Marcos: Pusillanimous with US, audacious with Dutertes
I WAS stunned by a column in this paper last week by a writer whom I would have expected to have, being an academic, more respect for data. The piece was entitled “The audacity of President Marcos, Jr.”
This is sycophantic writing at its worst. Not even Marcos’ truest believers — not even his wife Liza, whom I would call decidedly audacious for allegedly intervening in state matters — have ever called Marcos “audacious,” except when he decided to run for the presidency.
Marcos has not undertaken any move, made a pronouncement in his two years in office that one could call “audacious.” Here are a few synonyms of the word to help you see how ridiculous that description of Marcos is: brave, bold, daring, fearless, intrepid, brave, unafraid, unflinching, courageous, valiant.
I felt I was reading what was either a sophomoric Palace press release, or an outright application for a government post.
To contrast Marcos from his predecessors — and to show how crucial it is to our country’s future that a president must be truly audacious — President Duterte was certainly audacious in undertaking his war against drugs, which as in all wars had its collateral-damage killings, for which his critics are demanding that he be made to suffer for it.

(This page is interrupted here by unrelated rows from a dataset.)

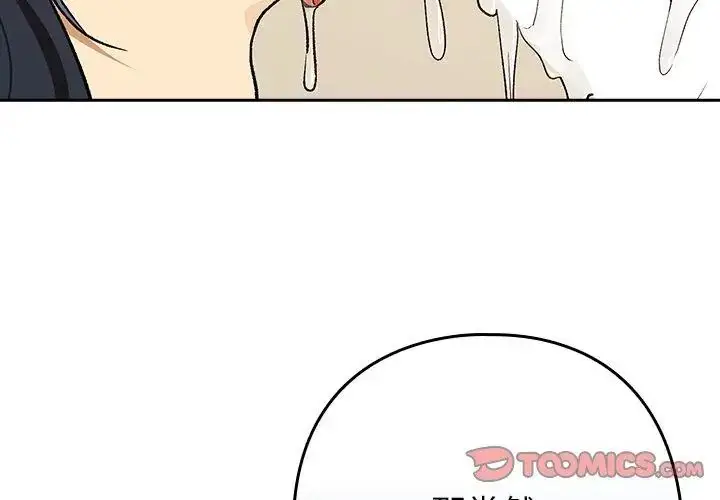 漫画《下班后的例行恋爱》第112话第44张图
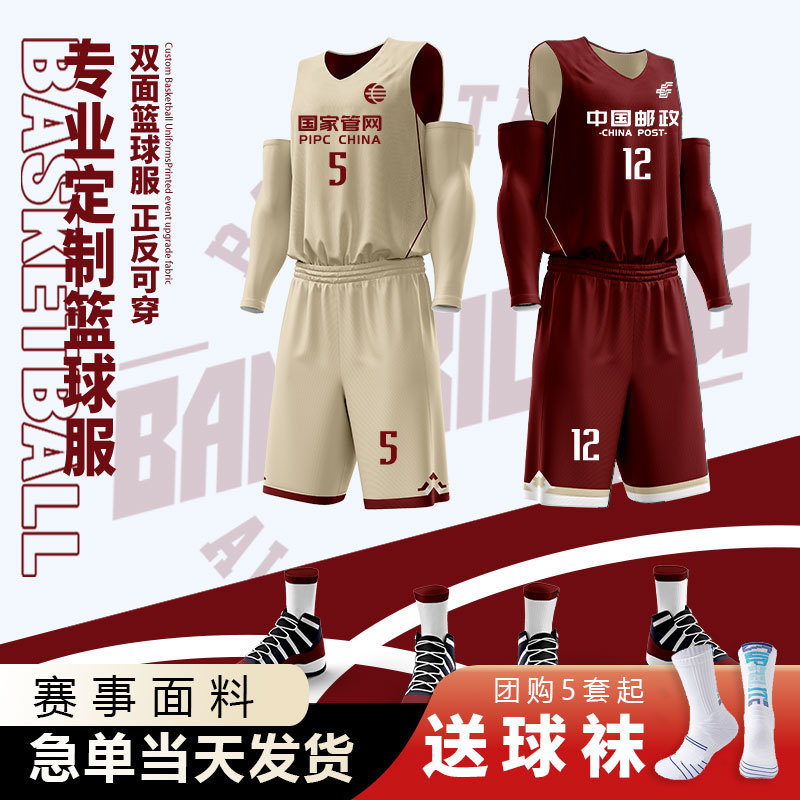 New Quick-Drying Breathable Basketball Uniform Suit for Men and Women American Jersey Game Double-Sided Training Suit Village Ba Corporate Team New Quick-Drying Breathable Basketball Uniform Suit for Men and Women American Jersey Game Double-Sided Training Suit Village Ba Corporate Team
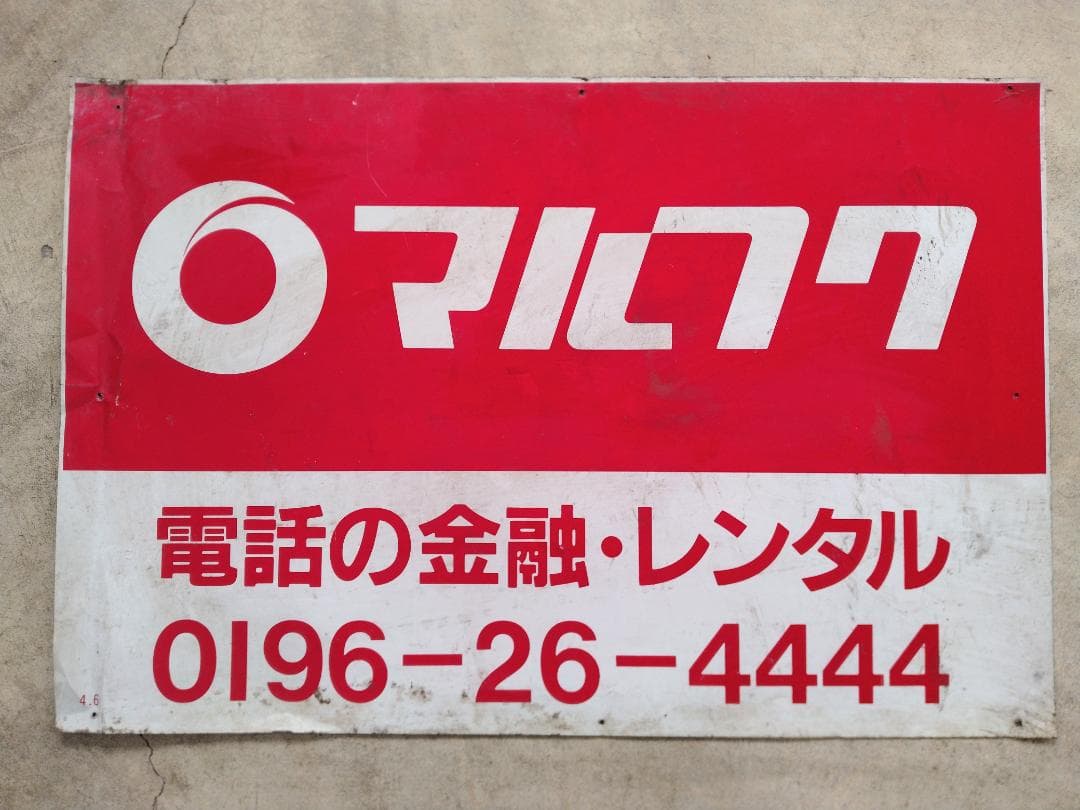 ホーロー看板 マルフク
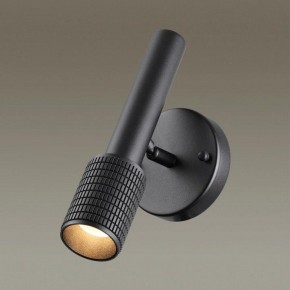 Бра Odeon Light Mehari 4238/1W в Белоярском - beloyarskiy.mebel24.online | фото 2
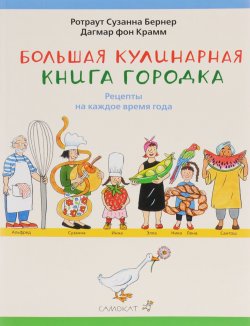 Книга "Большая кулинарная книга городка. Рецепты на каждое время года" – , 2015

Duterte was certainly audacious in cutting our century-long vassalage to the US, which is still the global hegemonic superpower, but from which relationship we are missing the benefits of a closer connection with the emerging superpower, our neighbor, China.
Even President Benigno Aquino III undertook an audacious move in ordering the investigation and the prosecution of those involved in the pork barrel scam.
Impeachment
Not all of a president’s audacious moves benefit the country, though. Aquino III made Congress a weapon to remove by impeachment Chief Justice Renato Corona in order for the Supreme Court to reverse its decision that gave Hacienda Luisita only P300 million compensation, a fraction of the P3 billion his Cojuangco family wanted. President Gloria Macapagal-Arroyo was audacious in running for election in 2004 to prevent the return of the ousted president Joseph Estrada through his surrogate, the popular actor Fernando Poe Jr., which would have been catastrophic for the country.
Arroyo was audacious in getting the expanded-VAT law passed in 2005, which further made her unpopular but which laid the foundations of sustainable economic growth at a time of global financial crisis.
It is easy to see how baseless that article claiming Marcos to be audacious was because it presented only two arguments for the writer’s amateurish paean.
First, the writer claimed Marcos was audacious in engaging in a “world tour” and proved his critics wrong since “what we got in return were investment commitments.” Audacious in strutting in the world capitals feeding his ego and staying in the poshest hotels costing Filipinos a hundred million pesos? Doesn’t this writer read his own paper or even other papers? Foreign investments into the country have drastically shrunk under Marcos.
Investment
I’ve written several pieces that presented Bangko Sentral ng Pilipinas data showing the President’s trips have not yielded a single major foreign direct investment, despite all the press releases after each of his trips that claimed billions and billions of commitments were generated. Trade and Industry Secretary Alfredo Pascual reportedly resigned as he couldn’t stand the Palace press releases attributed to the Board of Investments that Marcos charmed investors in committing “billions of dollars” in foreign investments — when there were embarrassingly few. Foreign investments into the country have been going down, especially in 2024, in which the $74 million reported monthly inflow for June was the lowest ever since 1985.
Capital from China has gone down precariously from $276 million in 2019 at the height of Duterte’s administration to, under Marcos, $16 million in 2023 and from January to May this year to $4 million.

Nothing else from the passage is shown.